[tex-live] Problems with non-7bit characters in filename

Reinhard Kotucha reinhard.kotucha at web.de
Sat Jul 5 08:24:06 CEST 2014


On 2014-07-04 at 10:40:19 +0200, Ulrike Fischer wrote:

 > Am Fri, 4 Jul 2014 10:32:33 +0200 schrieb Zdenek Wagner:
 > 
 > >> But the main question is why lualatex and xelatex in TeXLive can't
 > >> handle (probably only non-utf8) file names with non-ascii chars *on
 > >> the terminal*. I can reproduce his problem on Win7:
 > >>
 > > The program has to use a system call to find the filesystem encoding
 > > and convert the filename from the filesystem encoding to the program's
 > > internal encoding or vice versa. I am not sure whether it can be done
 > > in lua but definitely not on macro level.
 > 
 > Sure. But we are not on the macro level here but on the "system
 > call" level. Why can't luatex in TeXlive not handle the system call
 > to file names correctly?

On Unix everything works as expected, as Markus already confirmed.
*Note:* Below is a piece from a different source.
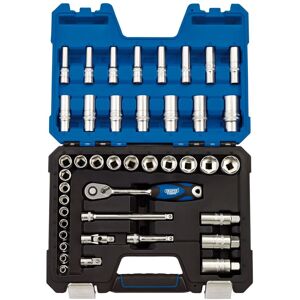 Draper Metric Socket Set, 3/8"" Sq. Dr. (42 Piece) Draper Metric Socket Set, 3/8"" Sq. Dr. (42 Piece)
  $ luatex "Äöü-Русский язык-日本語.tex" \\bye
  This is LuaTeX, Version beta-0.79.1 (TeX Live 2014) (rev 4971) 
   restricted \write18 enabled.
  ("./Äöü-Русский язык-日本語.tex")
  No pages of output.
  Transcript written on "Äöü-Русский язык-日本語.log".

Unix filesystems store filenames in UTF-8, Windows filesystems use
UTF-16 (don't know about ancient FAT filesystems).  As far as the
filesystems are concerned, everything should work on Windows too.

The problem is the user interface.  A German Windows is using CP1252
and, even worse, CP850 on the command line.  Yes, Klaus, the latter
was used by DOS indeed.  And it's still used.

Zdeněk said that Samba works fine.  My experience is quite positive
too.  But there is no user interface with crippled national character
encodings involved.  If Samba works on filesystem level, all it has to
do is to convert UTF-8 (Unix) to UTF-16 (Windows) and vice versa.
This is a relatively simple and reliable task.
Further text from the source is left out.